Make sure you have numpy and CUDA-enabled PyTorch installed.
Run pip install .
This command will trigger in-place compilation of the CUDA kernels, so you will need the nvcc compiler (CUDA toolkit) at hand.
import torch
from lmKAN import LMKAN2DLayer
NUM_GRIDS = 30
BATCH_SIZE = 1024
INPUT_DIM = 256
OUTPUT_DIM = 256
lmkan_layer = LMKAN2DLayer(
num_grids=NUM_GRIDS,
input_dim=INPUT_DIM,
output_dim=OUTPUT_DIM,
tile_size_forward=8,
tile_size_backward=4,
).cuda()
x = torch.randn(INPUT_DIM, BATCH_SIZE).cuda() # lmKANs use batch-last data layout
out = lmkan_layer(x) # out has shape [OUTPUT_DIM, BATCH_SIZE]The number of trainable parameters is (NUM_GRIDS + 1)^2 * OUTPUT_DIM * (INPUT_DIM // 2). Inference FLOPs are 2x of that of a linear layer of the same shape (INPUT_DIM, OUTPUT_DIM), not depending on NUM_GRIDS.
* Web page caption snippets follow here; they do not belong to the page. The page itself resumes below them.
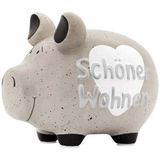 Sparschwein Schöner Wohnen 17cm x 15cm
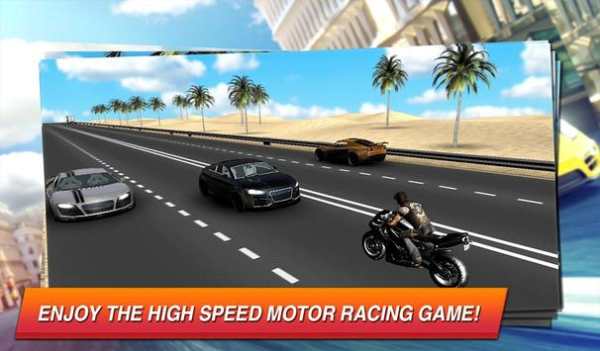 Traffic Legend Racer screenshot 1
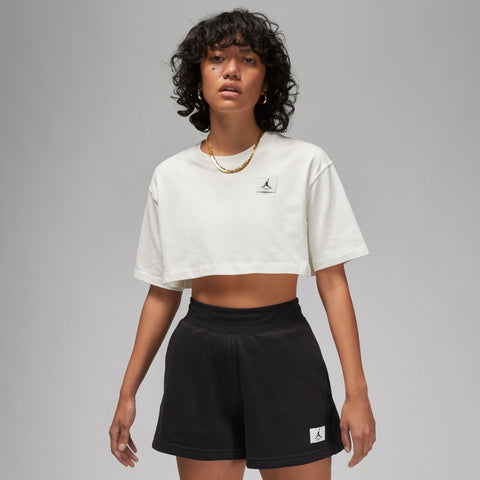 Jordan Sport Women's Cropped T-Shirt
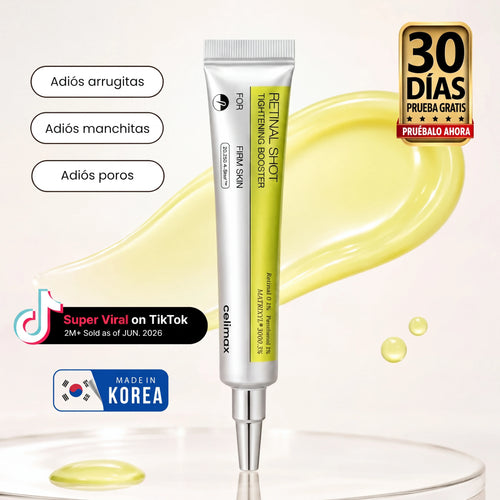 Celimax Retinal Shot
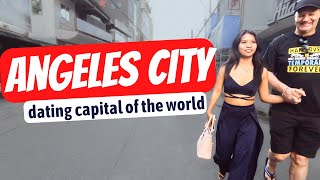 Destination for relationships. Angeles City Philippines 2023 Virtual ASMR Travel Vlog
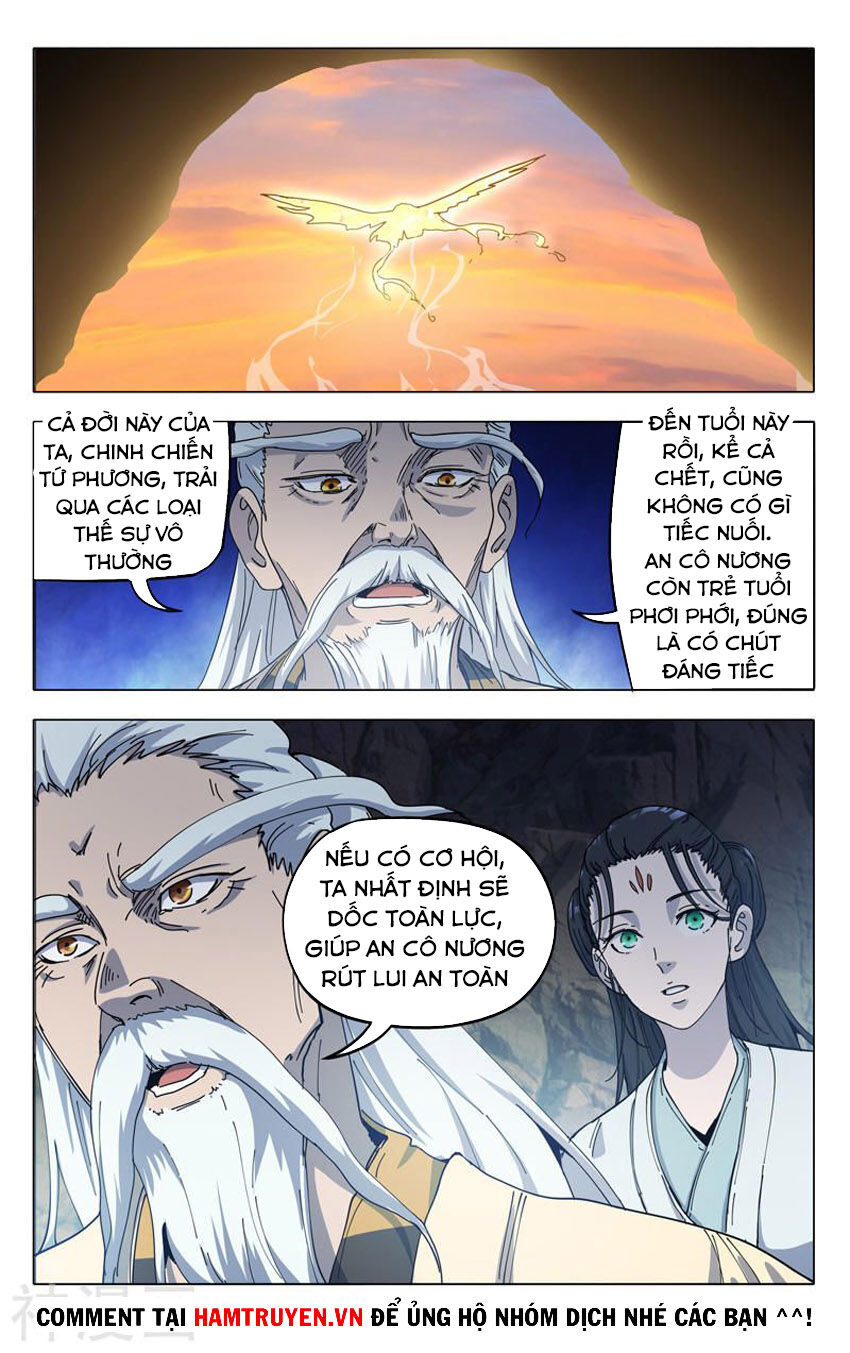 Vạn Giới Tiên Tung Chapter 324 - 10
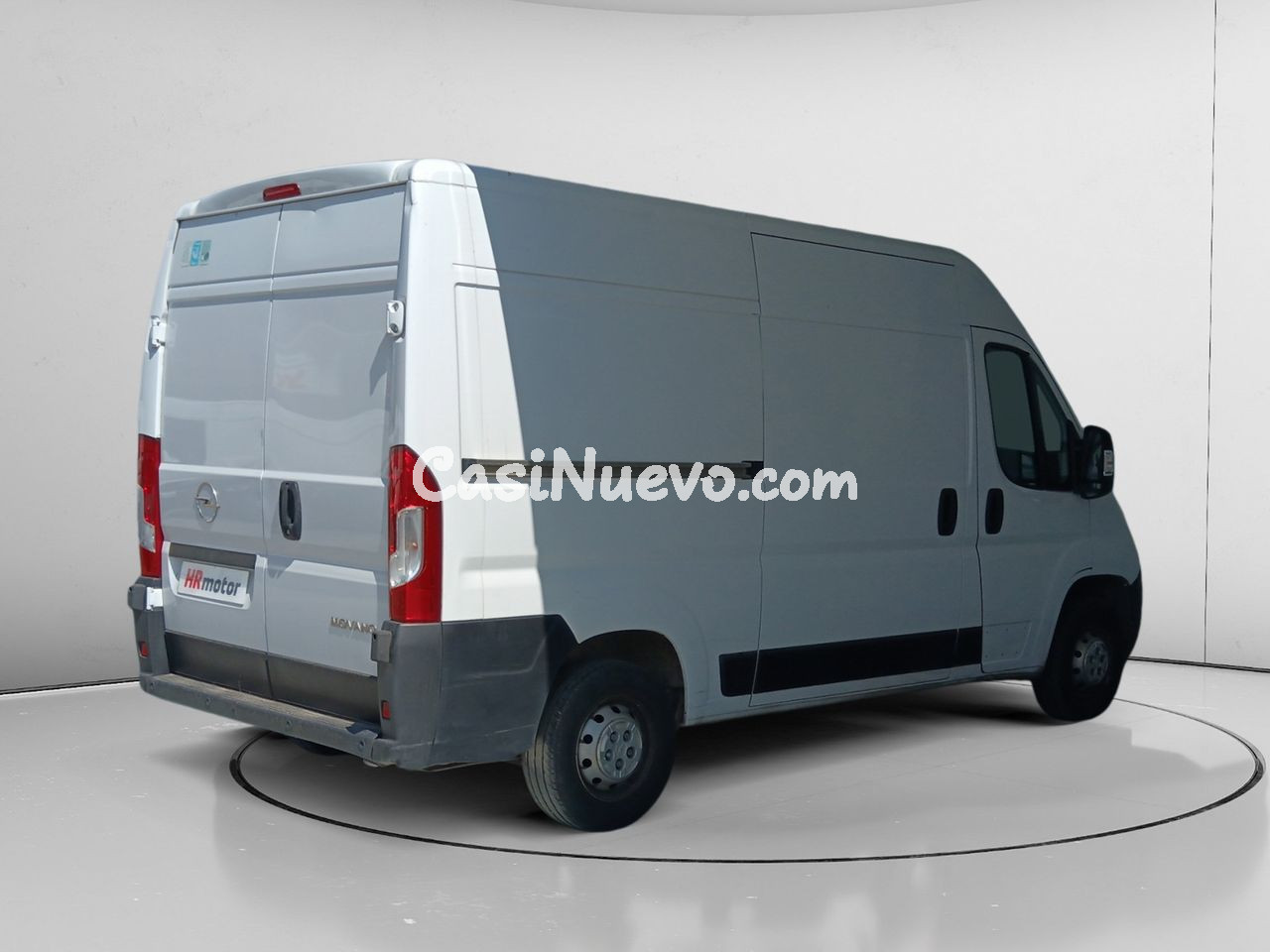 Opel Movano L2H2 BLUE HDI S&S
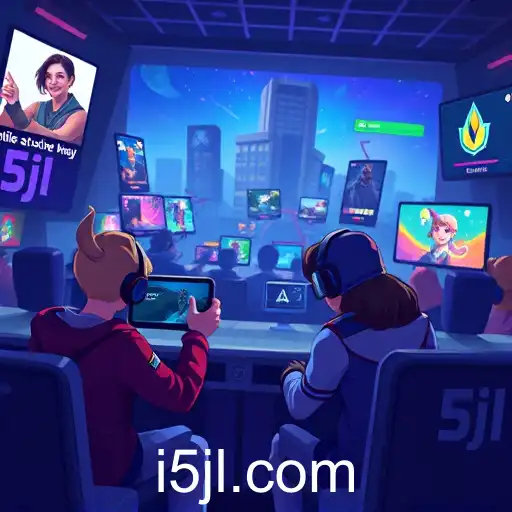 5jl Game Site Revolutionizes Online Gaming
For the example above, you get as many as (30 + 1)^2 // 2 ~ 480 more trainable parameters by paying 2x of FLOPs and 6-10x wall-clock inference time (depending on the specific GPU).
The computational cost of backward also doesn't depend on NUM_GRIDS.
Important check performance caveats (including maximal supported values for NUM_GRIDS depending on GPU type and tile_size) and preconditioning advice in the documentation.